> **Task details**
Each record must come back unchanged in your answer, stripped of its images.

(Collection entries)

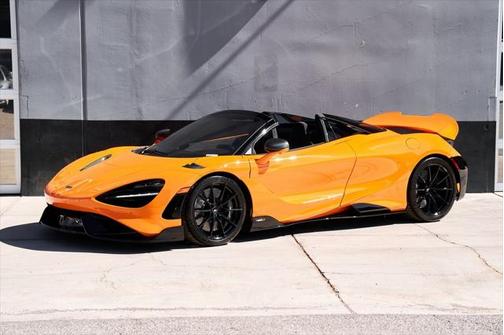 2022 McLaren 765LT Spider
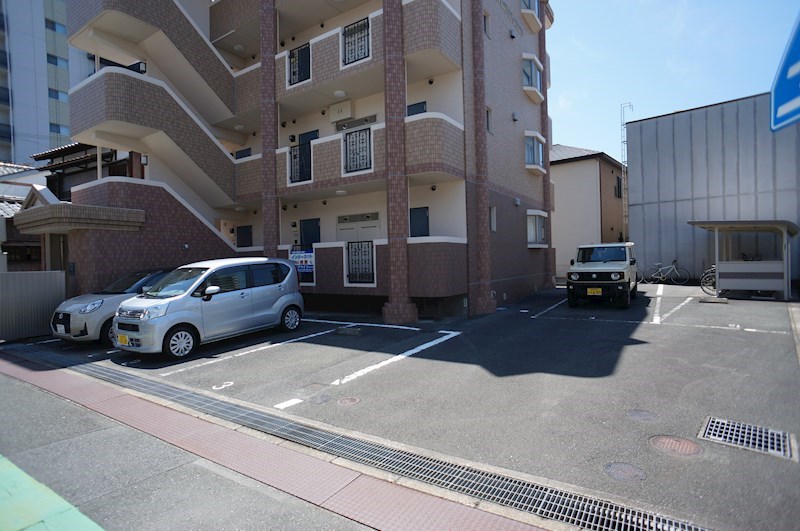テノン元浜 駐車場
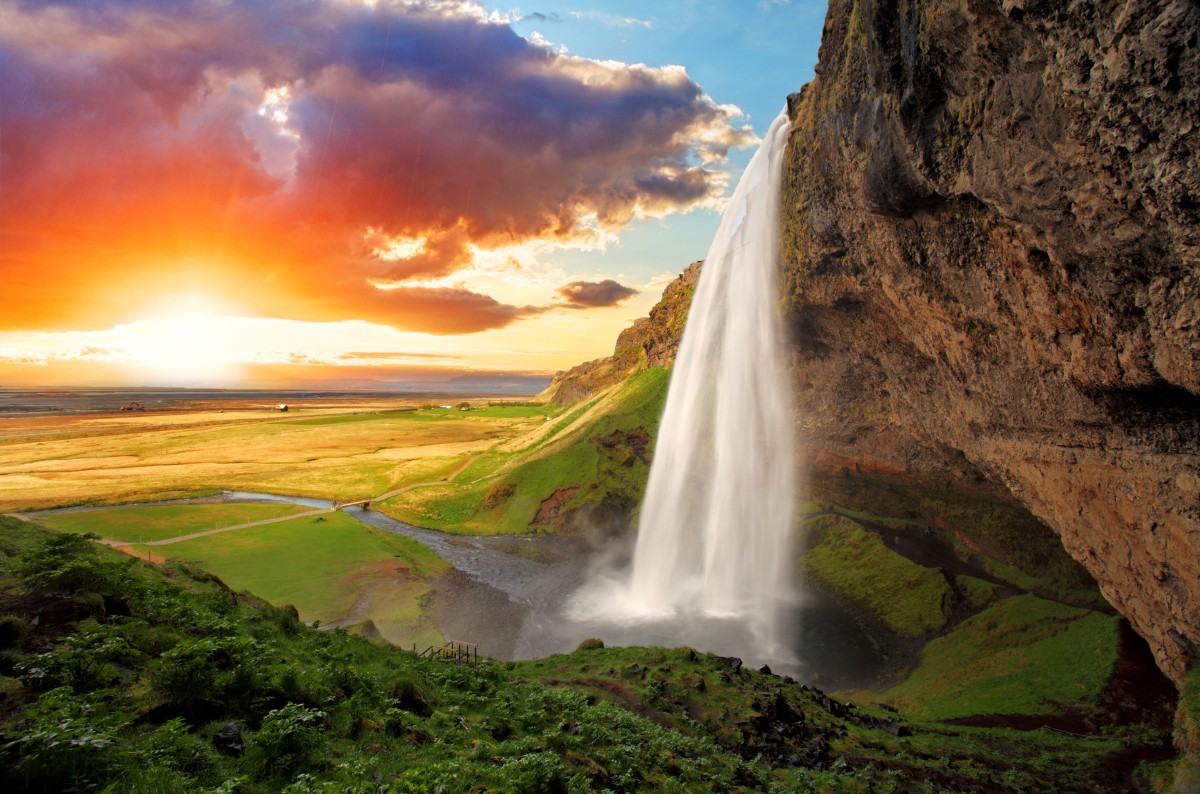 Iceland, Blue Lagoon, Golden Circle, Reykjavik, Glaciers, Waterfalls, the Northern Lights, Aurora Borealis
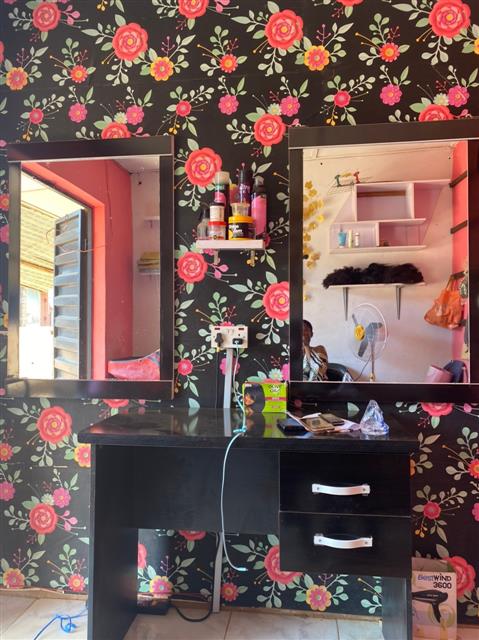 Salon table and mirror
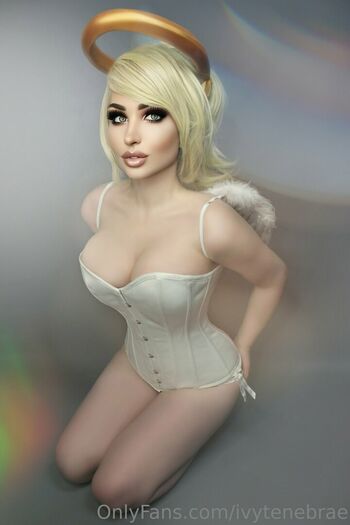 Ivy Tenebrae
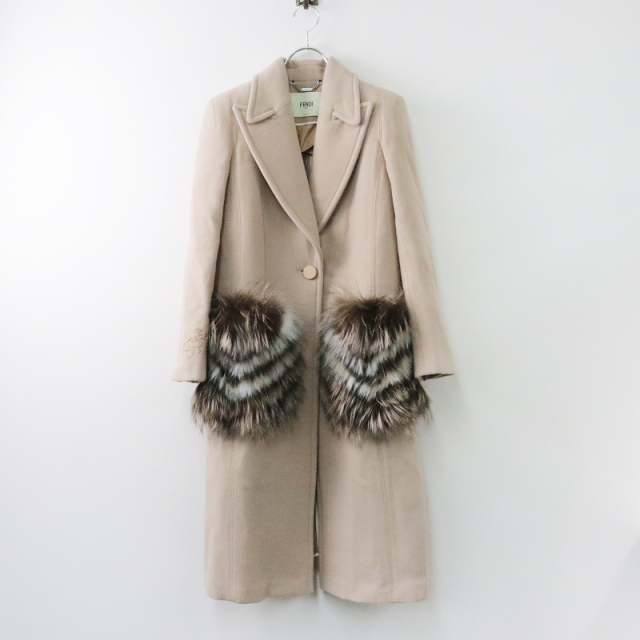 FENDI ベージュ 毛皮ロングコート FENDI ベージュ 毛皮ロングコート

> **Output of the task**
 2022 McLaren 765LT Spider
テノン元浜 駐車場
 Iceland, Blue Lagoon, Golden Circle, Reykjavik, Glaciers, Waterfalls, the Northern Lights, Aurora Borealis
 Salon table and mirror
 Ivy Tenebrae
 FENDI ベージュ 毛皮ロングコート FENDI ベージュ 毛皮ロングコート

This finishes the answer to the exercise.